On January 22, the California Department of Business Oversight (DBO) announced a $900,000 settlement with a California-based lender for allegedly steering borrowers into high-interest loans to avoid statutory interest rate caps. According to the DBO, the lender’s practice of overcharging interest and administrative fees violated the California Financing Law, which caps interest on small-dollar loans up to $2,499 at rates between 20 percent and 30 percent, but does not provide a cap for loans of $2,500 and higher. The DBO also asserts that the lender’s brochures, which advertised loans of “‘up to $5,000’ without stating that the minimum loan amount offered by [the lender] was $2,501,” were false, misleading, or deceptive. Moreover, the lender allegedly failed to allow certain borrowers the opportunity to make advance payments “in any amount on any loan contract at any time.”

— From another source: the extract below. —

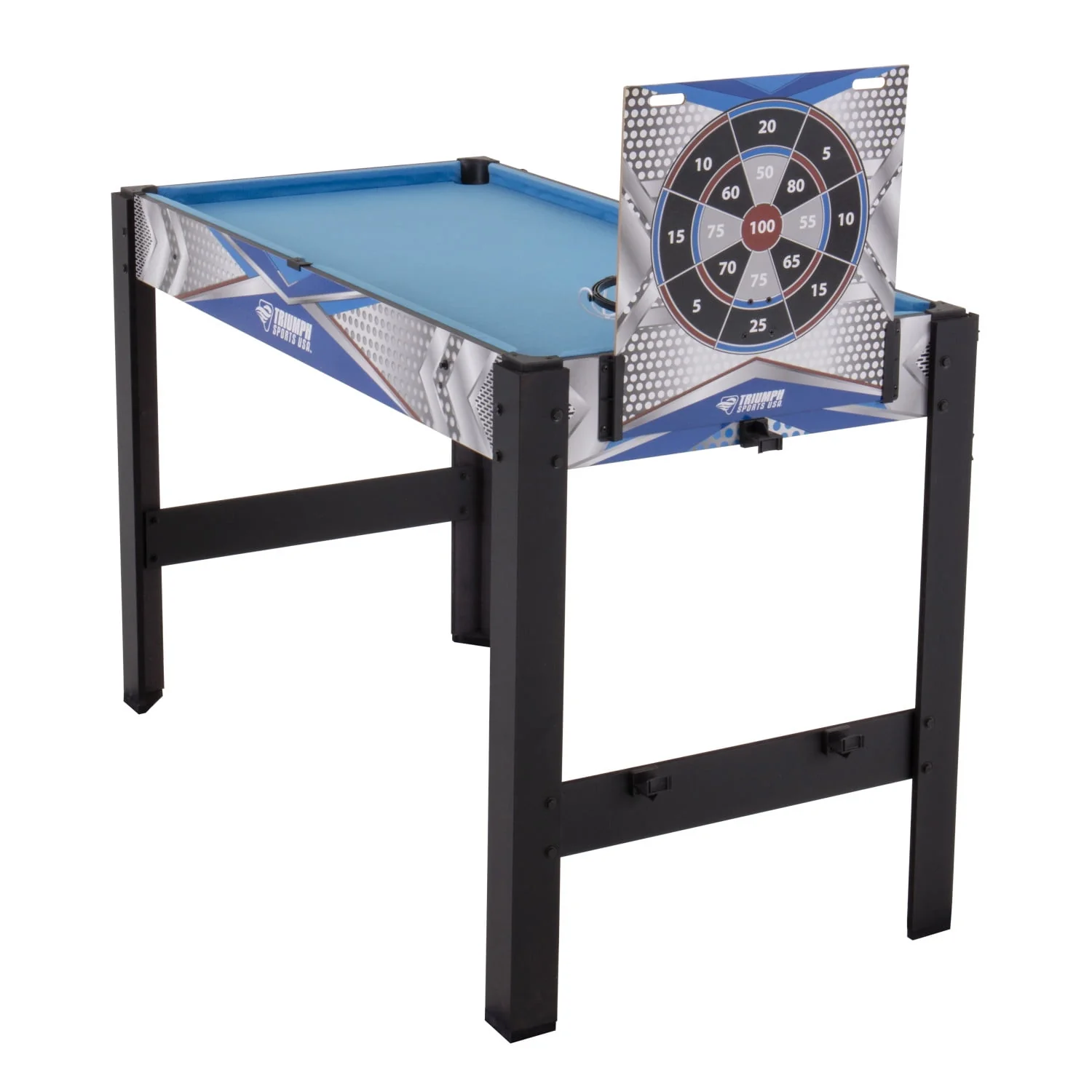 Triumph 13-in-1 Combo Game Table Includes Basketball, Table Tennis, Billiards, Push Hockey, Launch Football, Baseball, Tic-Tac-Toe, and Skee Bean Bag Toss - Womvr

Additionally, the DBO alleges that the lender overcharged roughly $700,000 in payday loan transactions by (i) collecting charges twice; (ii) allowing borrowers to take out a new loan before paying off the old one; and (iii) depositing some borrowers’ checks prior to the specified date in the loan agreement without their written authorization.
Under the terms of the consent order, the lender will, among other things, provide $800,000 in refunds to qualifying borrowers, pay $105,000 in penalties and other costs, and provide accurate verbal disclosures to borrowers concerning loan amounts and interest rate caps.